Instructions to follow
Output every record verbatim, and omit each picture.

Task inputs

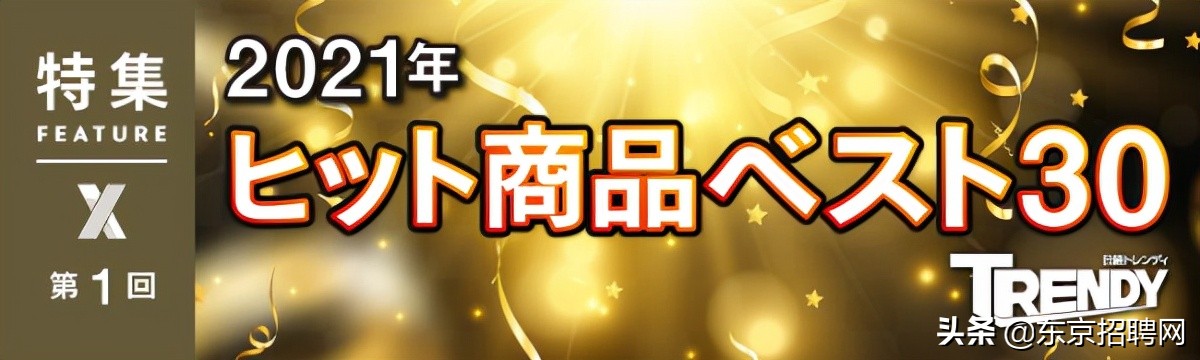日本2023流行产品,2023日本最新热销产品排行榜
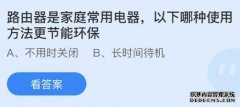 路由器是家庭常用电器以下哪种使用方法更节能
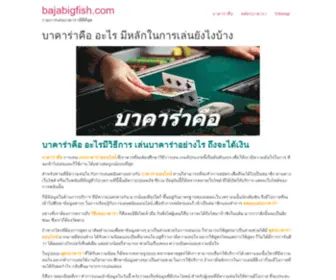 Bajabigfish.com(บาคาร่าคือ) Screenshot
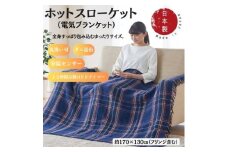 ホットスローケット　(電気ブランケット)　ネイビーブルー(約170×130cm)【1608415】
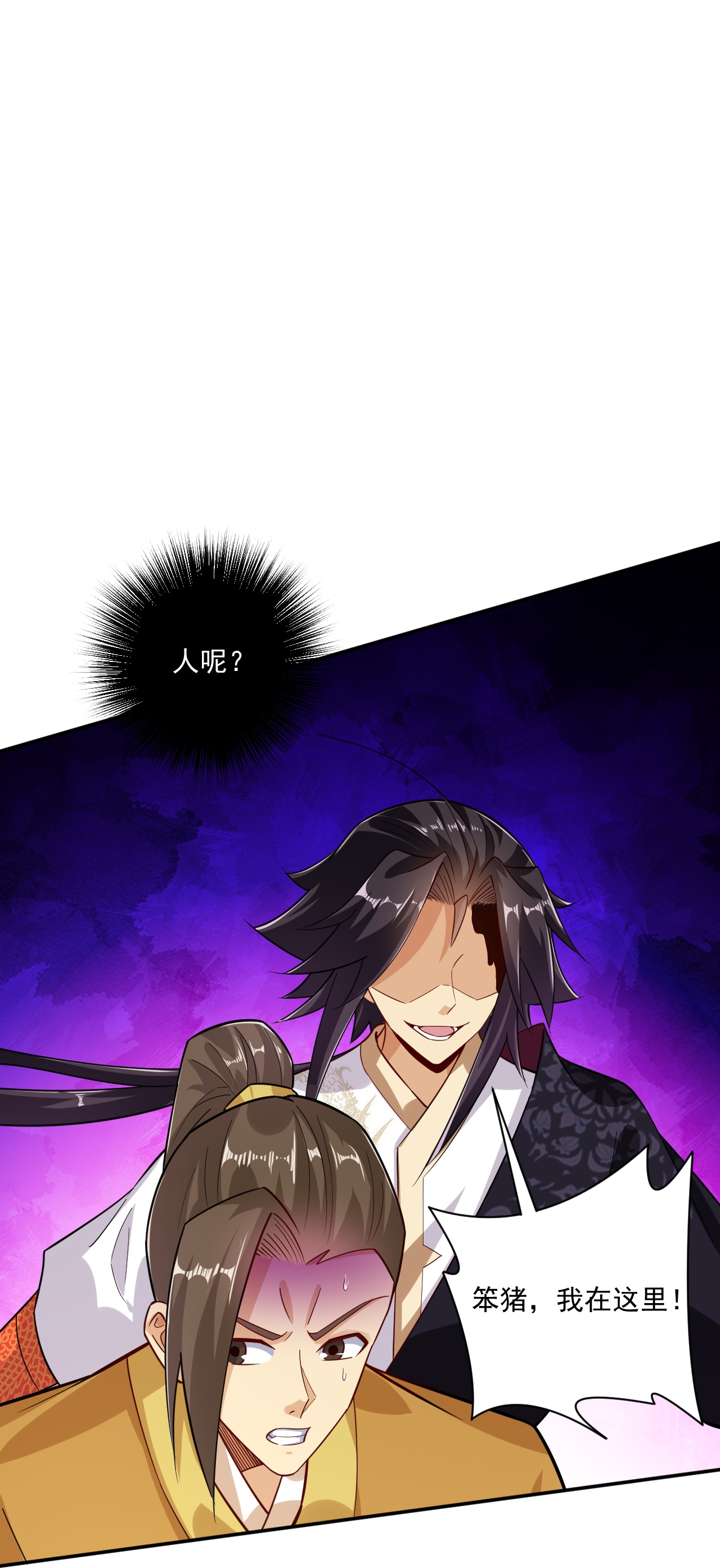 第393话 传话28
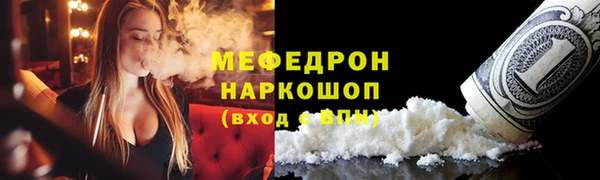прущие крисы Бугульма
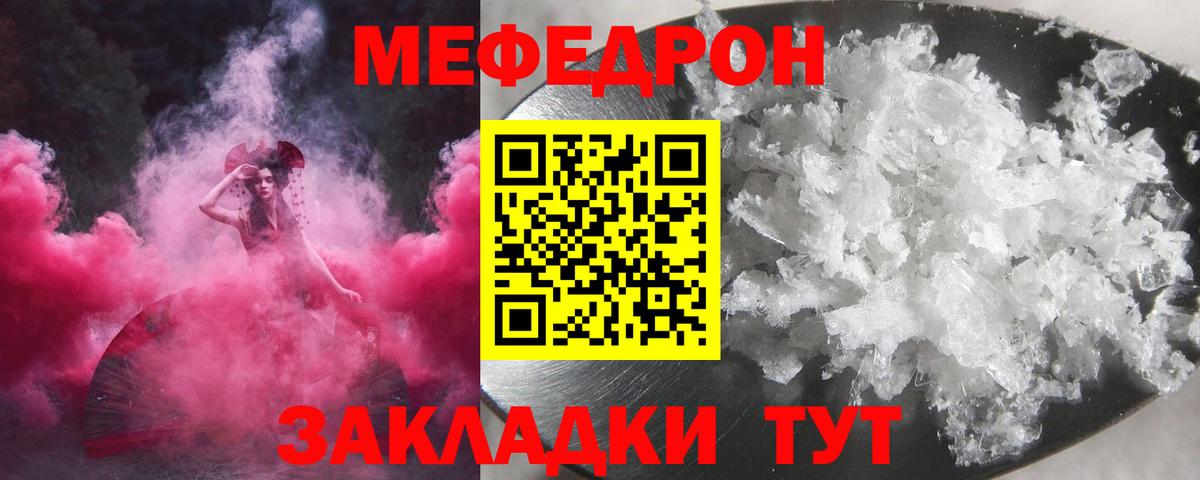 Меф мяу мяу мука Будённовск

Reply
日本2023流行产品,2023日本最新热销产品排行榜
 路由器是家庭常用电器以下哪种使用方法更节能
 Bajabigfish.com(บาคาร่าคือ) Screenshot
 ホットスローケット　(電気ブランケット)　ネイビーブルー(約170×130cm)【1608415】
 第393话 传话28
прущие крисы Бугульма
 Меф мяу мяу мука Будённовск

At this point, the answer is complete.